Start of Recorded data

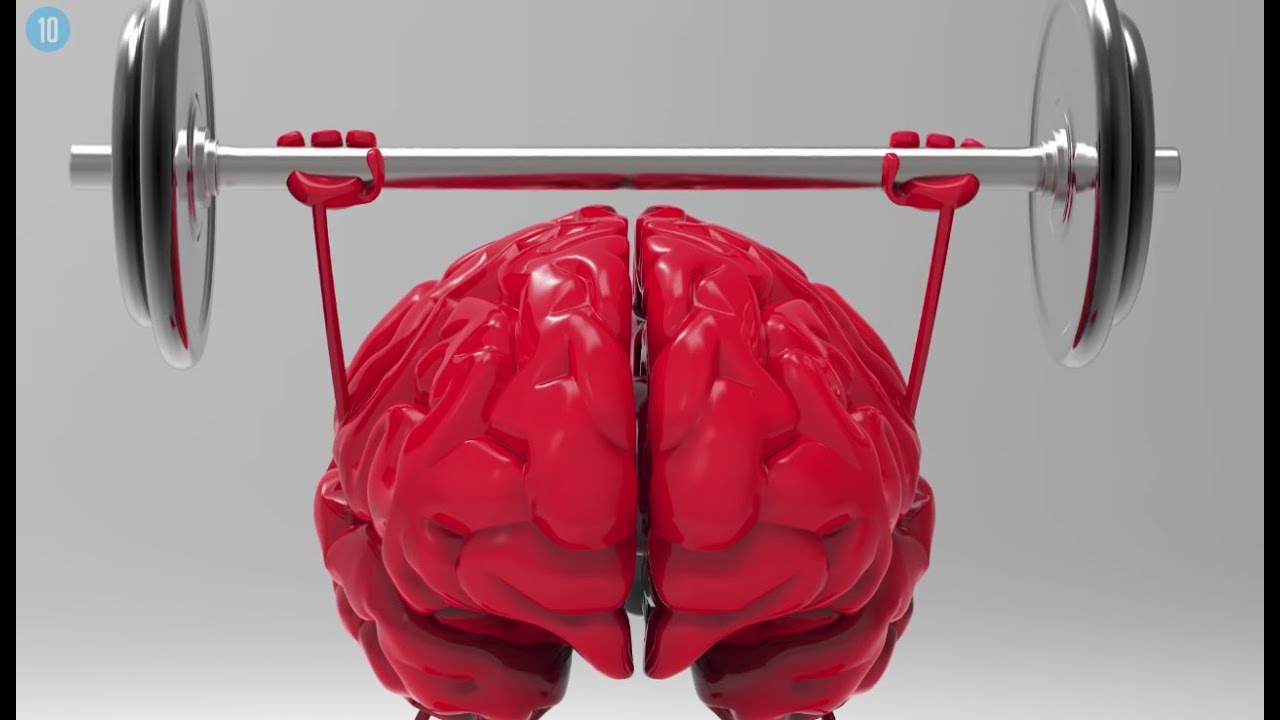 Top 10 Ways To Improve Your Memory - YouTube Top Media - YouTube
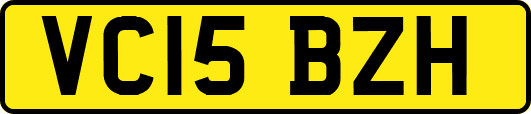 VC15BZH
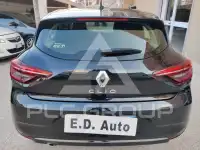 2020 Renault Clio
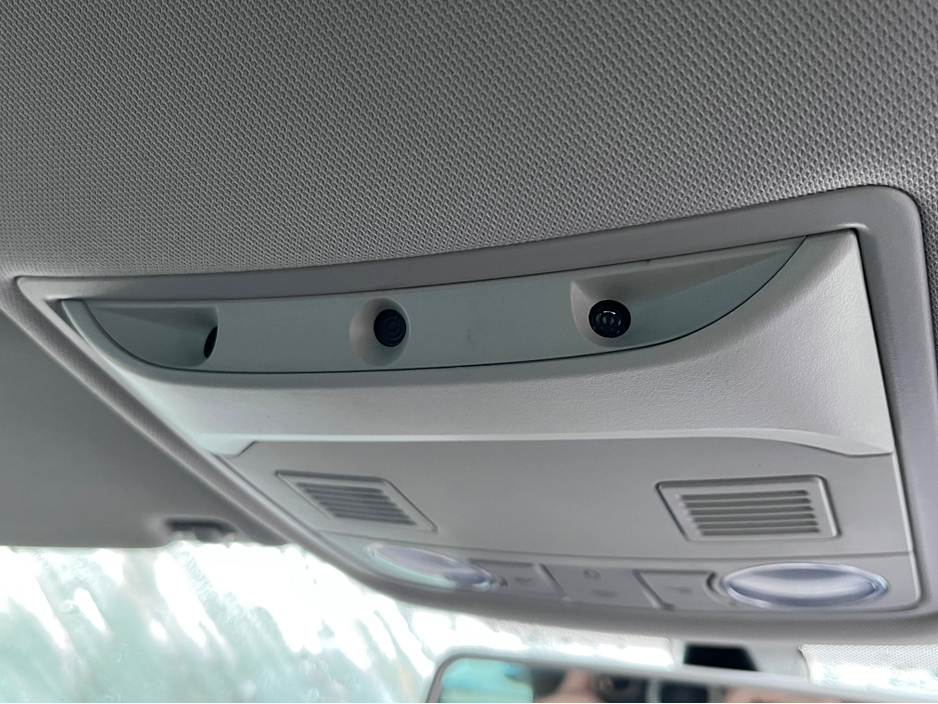 2015 SEAT Leon FR TECHNOLOGY TSI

End of Recorded data

> **Problem requirements**
When you write out the material above, keep every line exact and drop each picture.

> **Solution to this problem**
 Top 10 Ways To Improve Your Memory - YouTube Top Media - YouTube
 VC15BZH
 2020 Renault Clio
 2015 SEAT Leon FR TECHNOLOGY TSI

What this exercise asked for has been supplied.